Suwahe with Dipping Sauce Brought to you by Destileria Limtuaco

Technically, there are quite a number of differences between prawn (sugpo) and shrimp (suwahe). For Filipinos, however, the distinction is very intuitive: sugpo are big, while suwahe are small.

Although they are relatively smaller, suwahe are nonetheless packed with tasty flavor. Accordingly, they are an all-time favorite appetizer, main meal, or pulutan.

Suwahe is also the perfect dish to cook using my Aromatic Seasoning Wine, a one of a kind spirit made from Philippine rice wine, local herbs and spices. While shooting this video, I couldn’t help but wish that the fantastic aroma permeating my kitchen could somehow pass through your screens.

Enjoy!


INGREDIENTS


SUWAHE

  • 1 kilo Suwahe. The suahe should be fresh. I get my beloved suwahe from the farmers’ market.

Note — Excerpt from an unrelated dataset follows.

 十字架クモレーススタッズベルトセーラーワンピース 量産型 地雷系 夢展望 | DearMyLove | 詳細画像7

  • 6 large slices, ginger

  • 2 whole cilantro, with roots

  • 1 whole green onion

  • 4 tbsp. Chef Reggie's Aromatic Seasoning Wine

  • 1 tbsp. sugar

  • 2 tsp. Sea salt

  • water, enough to submerge shrimps

SAUCE

  • 1 tbsp. peanut oil

  • 4 tbsp. light or seafood soy sauce

  • 2 tbsp. Chef Reggie's Aromatic Seasoning Wine

  • 1 tbsp. sugar

  • 1/3 cup shrimp water

  • 1/4 cup spring onions, chopped finely

  • 2 tbsp. cilantro, chopped

  • 1 tbsp. sesame oil

  • salt and pepper


PROCEDURE


SUWAHE

  1. Bring the water to a running boil.

  2. Add ginger, cilantro, spring onion, and rice wine.

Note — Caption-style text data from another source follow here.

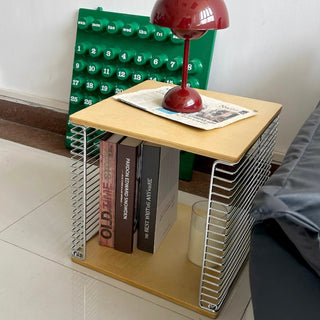 Wood x Stainless Steel Silver Storage Rack Side Table  Magazine Rack Wire Cube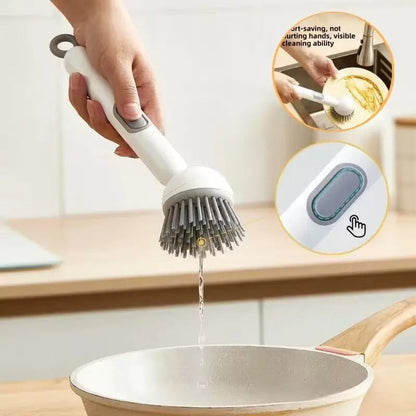 360° Rotatable Soap Dispensing Dish Brush – Advanced Kitchen Scrubber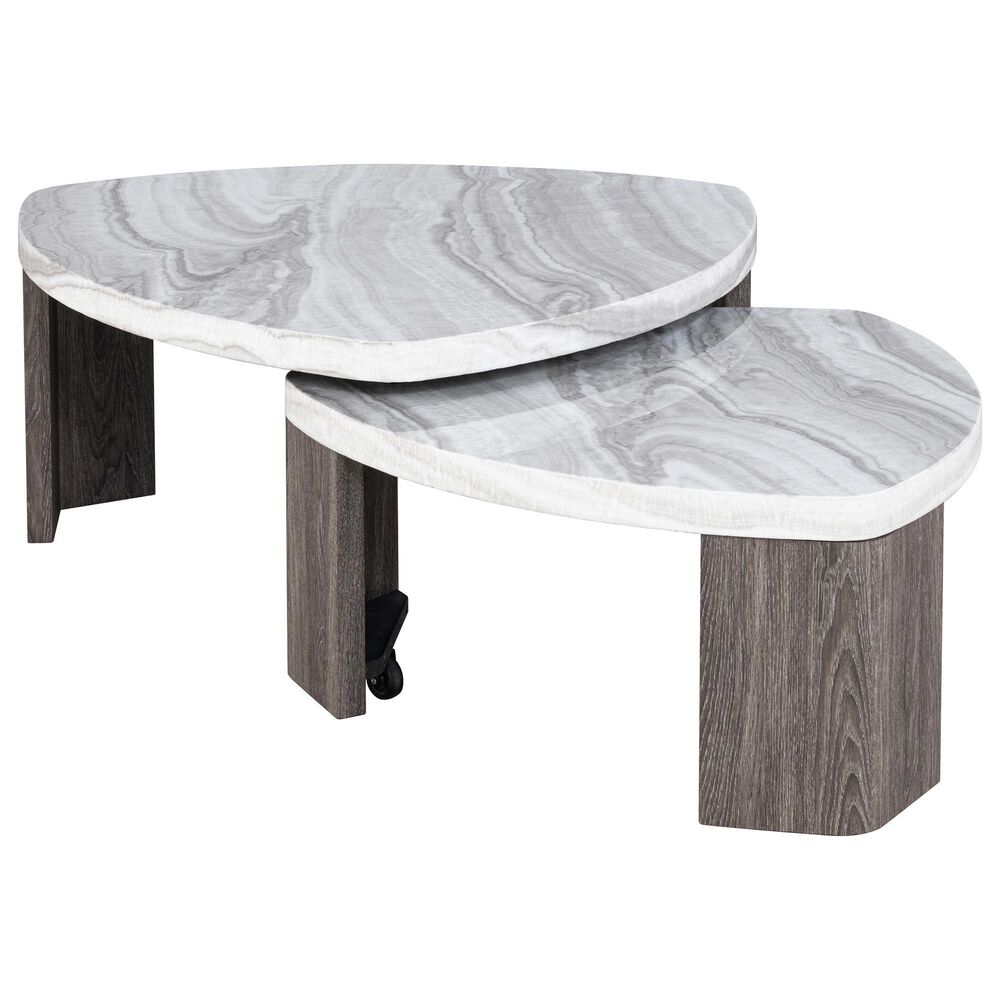 Furniture of America Elric Nesting Coffee Table in Gray, , large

  3. Cover the pot until the water is back to a running boil, then add shrimps.

  4. Cook the shrimps for 1 minute, then strain with the aromatics.

  5. Save the shrimp water

SAUCE

  1. Heat the peanut oil in a pan.

  2. Combine the soy sauce, Chef Reggie's Aromatic Seasoning Wine, sugar, shrimp water, spring onions, cilantro, and sesame oil in a separate bowl.

  3. When the peanut oil starts smoking, pour over the soy sauce mixture. Mix well.

  4. Season with salt and pepper to taste.